TL;DR I'll be updating the fast Merkle-tree spec to use a different

IV, using (for infrastructure compatability reasons) the scheme

provided by Peter Todd.

This is a specific instance of a general problem where you cannot

trust scripts given to you by another party. Notice that we run into

the same sort of problem when doing key aggregation, in which you must

require the other party to prove knowledge of the discrete log before

using their public key, or else key cancellation can occur.
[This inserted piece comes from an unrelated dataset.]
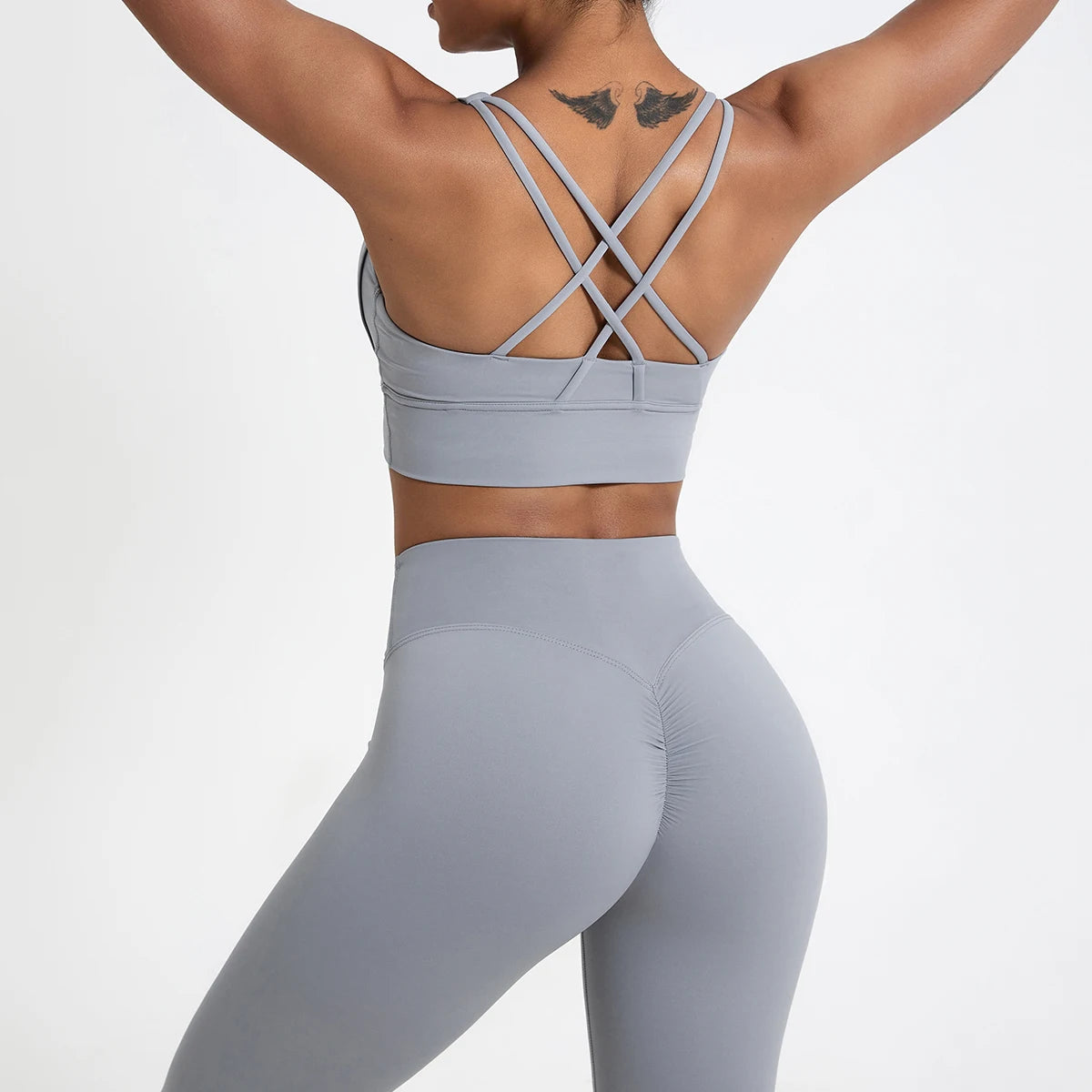 Push-Up Sports Bra for Women – Cross Back Yoga Crop Top, Shockproof Gym Fitness Bra for Running & Workout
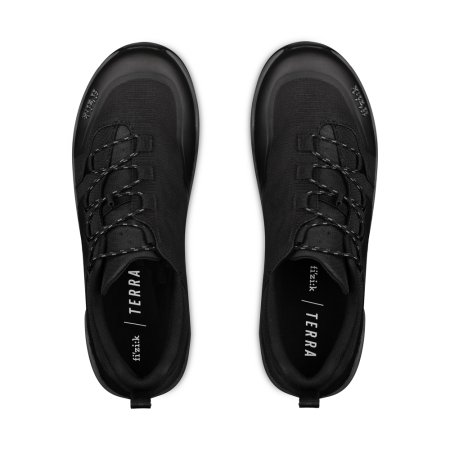 FIZIK TRETRY TERRA ERGOLACE X2 FLAT BLACK - BLACK (TEX2ETF1K1010) - Velikost: 42,5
With script it is a little bit more complicated as you might want

zero-knowledge proofs of hash pre-images for HTLCs as well as proofs

of DL knowledge (signatures), but the basic idea is the same. Multi-

party wallet level protocols for jointly constructing scriptPubKeys

should require a 'delinearization' step that proves knowledge of

information necessary to complete each part of the script, as part of

proving the safety of a construct.

I think my hangup before in understanding the attack you describe was

in actualizing it into a practical attack that actually escalates the

attacker's capabilities. If the attacker can get you to agree to a

MAST policy that is nothing more than a CHECKSIG over a key they

presumably control, then they don't need to do any complicated

grinding. The attacker in that scenario would just actually specify a

key they control and take the funds that way.

Where this presumably leads to an actual exploit is when you specify a

script that a curious counter-party actually takes the time to

investigate and believes to be secure. For example, a script that

requires a signature or pre-image revelation from that counter-party.

That would require grinding not a few bytes, but at minimum 20-33

bytes for either a HASH160 image or the counter-party's key.

If I understand the revised attack description correctly, then there

is a small window in which the attacker can create a script less than

55 bytes in length, where nearly all of the first 32 bytes are

selected by the attacker, yet nevertheless the script seems safe to

the counter-party. The smallest such script I was able to construct

was the following:

<fake-pubkey> CHECKSIGVERIFY HASH160 <preimage> EQUAL

This is 56 bytes and requires only 7 bits of grinding in the fake

pubkey. But 56 bytes is too large. Switching to secp256k1 serialized

32-byte pubkeys (in a script version upgrade, for example) would

reduce this to the necessary 55 bytes with 0 bits of grinding. A

smaller variant is possible:

DUP HASH160 <fake-pubkey-hash> EQUALVERIFY CHECKSIGVERIFY HASH160 <preimage> EQUAL

This is 46 bytes, but requires grinding 96 bits, which is a bit less

plausible.

Belts and suspenders are not so terrible together, however, and I

think there is enough of a justification here to look into modifying

the scheme to use a different IV for hash tree updates. This would

prevent even the above implausible attacks.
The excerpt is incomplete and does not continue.